Lambeturah.co.id - Apple sepakat membayar kompensasi sebesar US$150.000 atau sekitar Rp2,6 miliar untuk menyelesaikan gugatan diskriminasi agama yang diajukan mantan karyawannya.

Penyelesaian perkara tersebut dilakukan tanpa pengakuan kesalahan dari pihak Apple. Selain membayar kompensasi, perusahaan juga diwajibkan memberikan pelatihan kepada karyawan terkait pencegahan diskriminasi agama.

Mengutip AppleInsider, Kamis (13/8/2026), kasus ini bermula dari pemecatan seorang karyawan yang bekerja sebagai Apple Genius. Apple menyebut pemecatan dilakukan karena karyawan tersebut tidak memenuhi standar penampilan atau grooming yang berlaku di perusahaan.

Namun, sang mantan karyawan menilai pemecatan itu berkaitan dengan permintaannya untuk mendapatkan penyesuaian jadwal kerja demi menjalankan ibadah Sabat atau Shabbat.

Karyawan tersebut telah bekerja di Apple selama 16 tahun dan disebut memiliki catatan kinerja yang baik. Ia diketahui memeluk agama Yahudi pada 2023.

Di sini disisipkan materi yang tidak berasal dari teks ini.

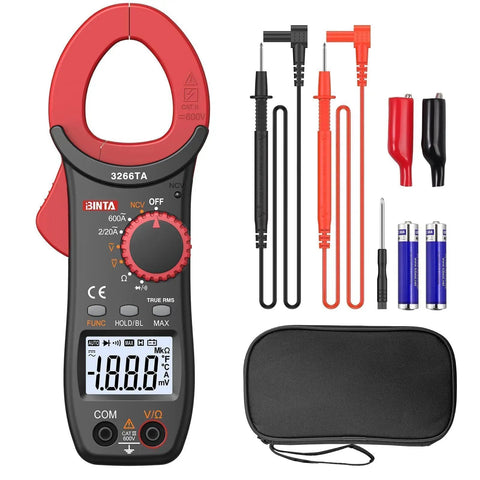 DIY Friendly Clamp Meter And Multimeter Combo With Auto Range 2000 Counts NCV TRMS 600A AC Clamp, leads, clips, and bag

Setelah itu, ia mulai mengajukan penyesuaian jadwal agar dapat menjalankan ibadah Sabat, yang berlangsung sejak matahari terbenam pada Jumat hingga Sabtu malam. Dalam keyakinannya, periode tersebut merupakan waktu untuk menjalankan ritual keagamaan dan tidak melakukan aktivitas bekerja.

Berdasarkan dokumen gugatan, permintaan penyesuaian jadwal tersebut beberapa kali ditolak oleh manajemen. Tidak lama setelah penolakan, persoalan mengenai penampilan karyawan mulai dipermasalahkan.

Situasi kemudian berujung pada pemecatan setelah karyawan kembali mengajukan cuti untuk menjalankan hari raya keagamaan.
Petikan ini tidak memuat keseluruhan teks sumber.